Parvenir à une vision commune au moyen d’une approche participative
Créer un environnement et des conditions bénéficiant d’un large soutien nécessite d’avoir des instruments qui favorisent un partage régulier et un dialogue continu entre les différents acteurs tout au long du processus. Seul un processus appelant la participation de tous les groupes d’intérêt peut aboutir à l’émergence d’une vision commune et à sa mise en œuvre.
Dans le cadre de la « Stratégie Suisse numérique », la Confédération se doit d’instaurer un débat constant visant à établir une culture de l’utilisation des données en Suisse, un modèle qui a déjà prouvé son efficacité dans les pays scandinaves. Un objectif que le réseau d’autodétermination numérique, doté d’un mandat de la Confédération en ce sens, pourrait réaliser en collaboration avec des acteur·rice·s des secteurs concernés et d’autres réseaux existants.
Assurer l’interopérabilité au niveau international
L’interopérabilité entre différents espaces de données au niveau helvétique ou international est un aspect capital qui doit impérativement être assuré. En ce sens, il est indiqué de s’orienter sur des initiatives de l’UE telles que Gaia-X. L’échange avec des groupes d’intérêt européens et étrangers doit donc être poursuivi activement Non seulement au niveau des offices fédéraux comme l’OFCOM et le DDIP, mais aussi à celui d’acteur·rice·de secteurs économiques spécifiques.
La SATW promeut l’accès aux données
Dans le cadre de son programme prioritaire sur l’intelligence artificielle, la SATW œuvre depuis des années à améliorer l’accès de la recherche et des milieux économiques à des données de qualité. En collaboration avec la Swiss Data Alliance SDA, la SATW a organisé de nombreux ateliers avec des spécialistes sur les sujets du partage de données et des espaces de données en Suisse. Elle a par ailleurs fondé le réseau d’autodétermination numérique (voir plus haut) de portée nationale en mai 2021, conjointement avec la SDA, la direction du droit international public du département fédéral des affaires étrangères DFAE et l’Office fédéral de la communication OFCOM.

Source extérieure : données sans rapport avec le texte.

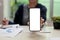 Female showing cellphone screen over her offie desk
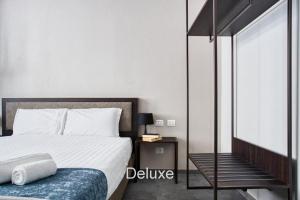 Giường trong phòng chung tại Hotel Vitruvio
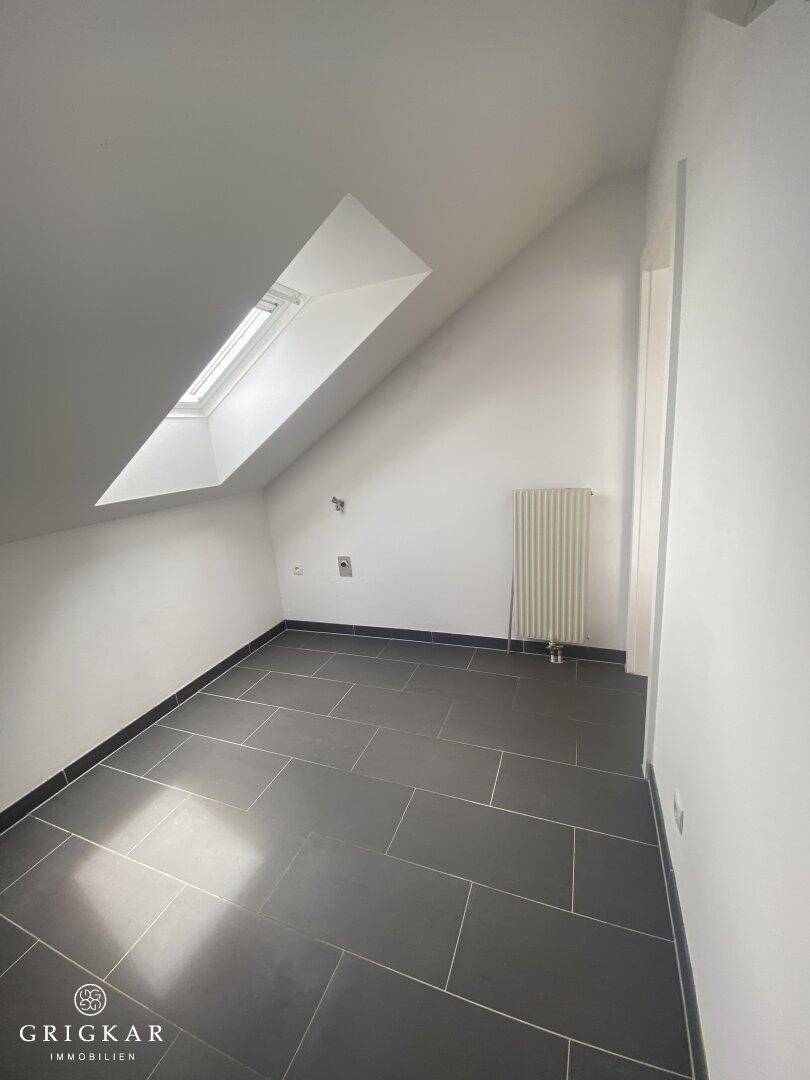 Kleiner Raum mit dunklem Fliesenboden, Dachschräge und einem Dachfenster.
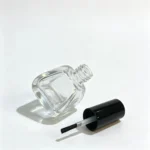 14ml frasco de vidro para verniz de unhas apresentado com a tampa preta e os componentes do pincel de verniz de unhas ao lado do frasco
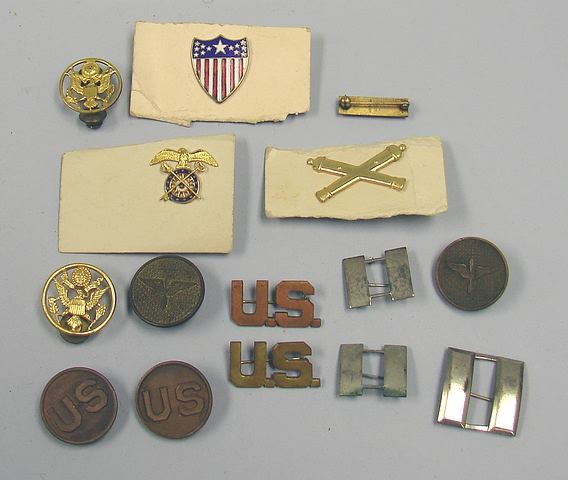 Appraisal: Lot consists of US WWI and WWII metal collar devices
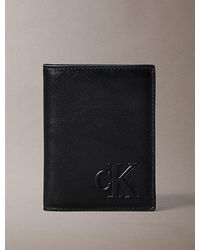 Calvin Klein - Embossed Monogram Bifold Wallet - Lyst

Entre mars 2021 et juillet 2022, la SATW a mené trois tables rondes sectorielles sur la mobilité, la santé et l’éducation grâce à la contribution de la SDA et d’autres organisations. L’objectif de ces tables rondes était d’identifier les aspects majeurs et les actions à entreprendre pour une meilleure utilisation des données personnelles dans le cadre de domaines d’application concrets. Les résultats ont été matérialisés et approfondis par des groupes de travail. La présente fiche d’information se fonde sur les enseignements tirés des tables rondes et des activités des groupes de travail, complétés par d’autres éléments à caractère plus général. Cette publication est le fruit du travail conjugué de la SATW, de la SDA et de la Haute école spécialisée bernoise BFH ainsi que de la participation d’un grand nombre d’expert·e·s de différents domaines (cf. Impressum). Une version longue est disponible en ligne.
La SATW accueille très favorablement la motion 22.3890 « Élaboration d’une loi-cadre sur la réutilisation des données » et a la conviction qu’une loi minutieusement équilibrée peut apporter des avantages considérables. Elle signale sa disposition à accompagner le processus législatif en offrant son expertise et la participation de son réseau d’exception. L’élaboration d’un texte de loi de ce type est un enjeu majeur. Sa maîtrise passe par une approche commune et des efforts concertés.